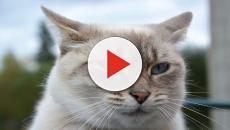 Gatto Certosino La Leggenda Di Questa Specie Felina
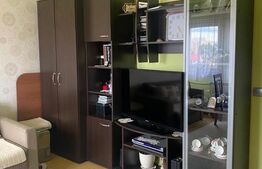 Apartament 1 camera, mobilat utilat, zona Bucegi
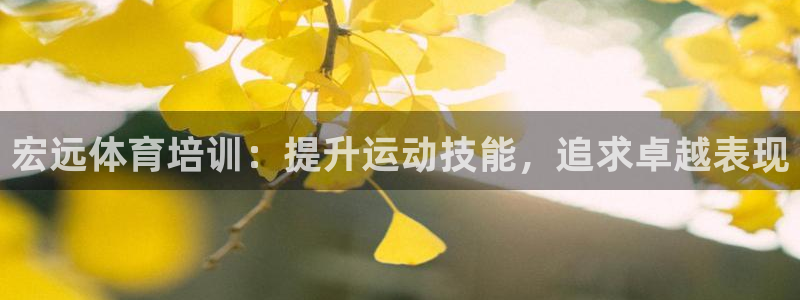 极悦官网旗舰店：宏远体育培训：提升运动技能，追求卓越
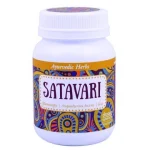 Био Аюрведа Шатавари на прах, Dragon Superfoods, 90 гр.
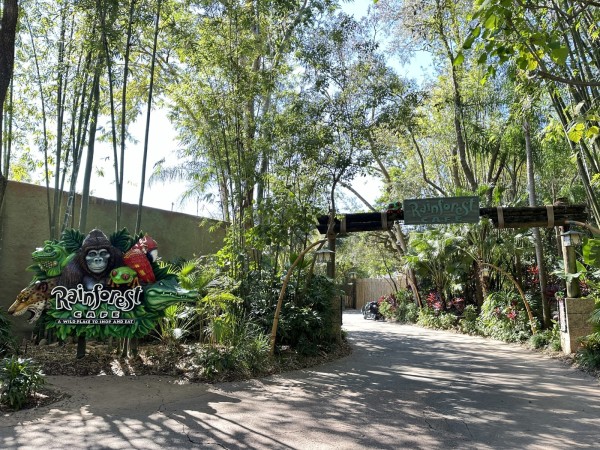 Rainforest Cafe® Image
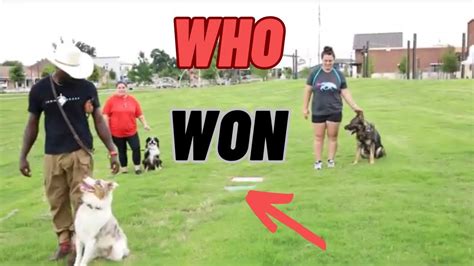 Image result for Simpons Teating the Dogs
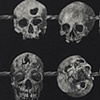 Decapitacion Humana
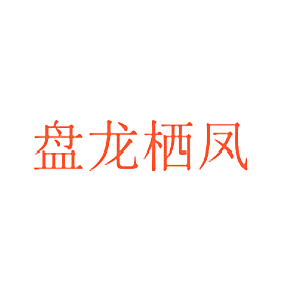 盘龙栖凤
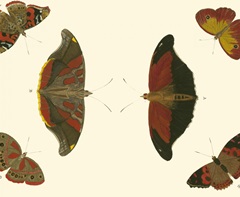 Cramer Butterfly Study III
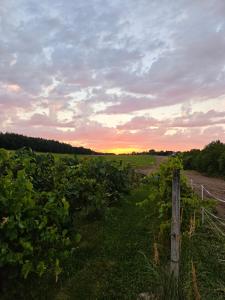 Agroturystyka u Agaty
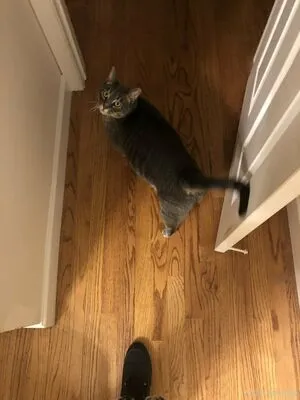 Harpermadi OnlyFans Leaked Free Thumbnail Picture - #QD730HomsK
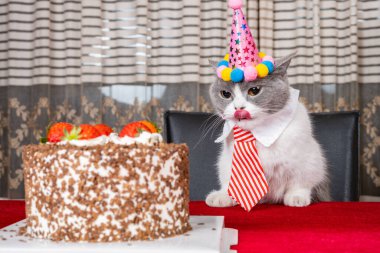 Şirin İngiliz kısa hava kedisi doğum gününü yatay olarak kutluyor.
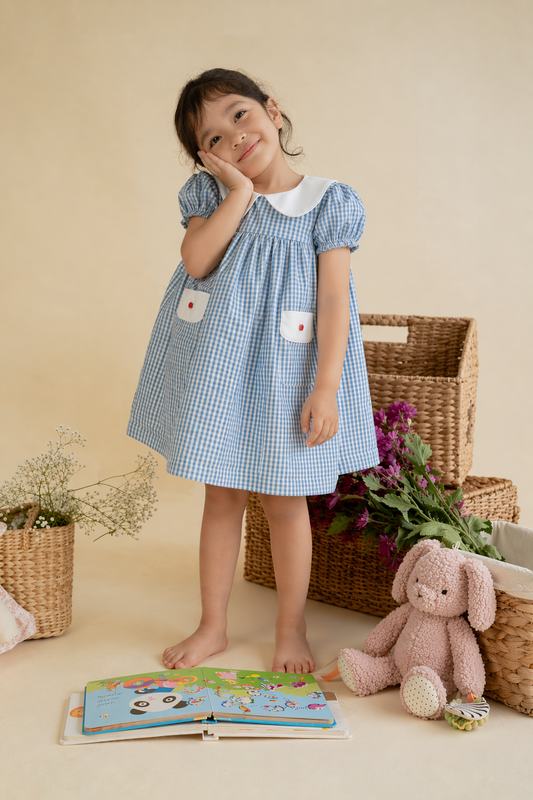 NIA GINGHAM FROCK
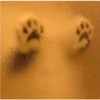 Cats random Vol. 2 17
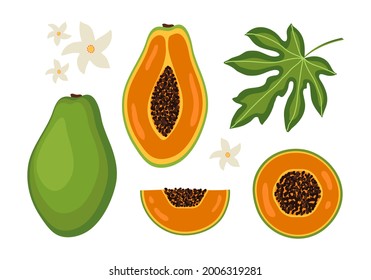 Exotic set of slice, flowers, leaf, whole and half papaya fruit on white background. Organic summer fruit. Trendy vector illustration.	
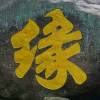 澳门网友52176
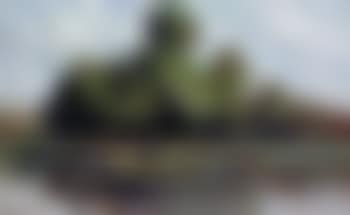 Banquet d'arbres au bord de la Seine, Rolleboise (preview)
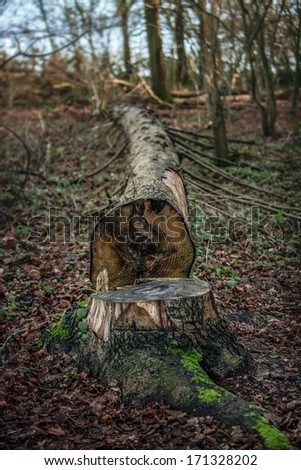 felled tree by the trunk of the tree in the woods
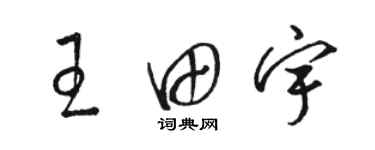 駱恆光王田宇草書個性簽名怎么寫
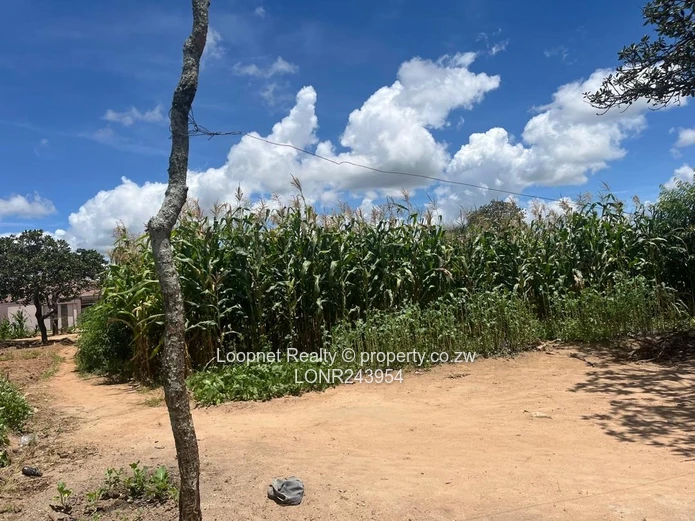 Crowhill Views 1000m² Stand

◆ **Task prompt**:
Give back exactly, and solely, the section of the data above bounded by the line containing "Apartament 1 camera, mobilat" and the line containing "Banquet d'arbres au", both bounding lines included and pictures omitted.

◆ **Response to the task**:
 Apartament 1 camera, mobilat utilat, zona Bucegi
 极悦官网旗舰店：宏远体育培训：提升运动技能，追求卓越
 Био Аюрведа Шатавари на прах, Dragon Superfoods, 90 гр.
 Rainforest Cafe® Image
 Image result for Simpons Teating the Dogs
 Decapitacion Humana
 盘龙栖凤
 Cramer Butterfly Study III
 Agroturystyka u Agaty
 Harpermadi OnlyFans Leaked Free Thumbnail Picture - #QD730HomsK
 Şirin İngiliz kısa hava kedisi doğum gününü yatay olarak kutluyor.
 NIA GINGHAM FROCK
 Cats random Vol. 2 17
 Exotic set of slice, flowers, leaf, whole and half papaya fruit on white background. Organic summer fruit. Trendy vector illustration.	
 澳门网友52176
 Banquet d'arbres au bord de la Seine, Rolleboise (preview)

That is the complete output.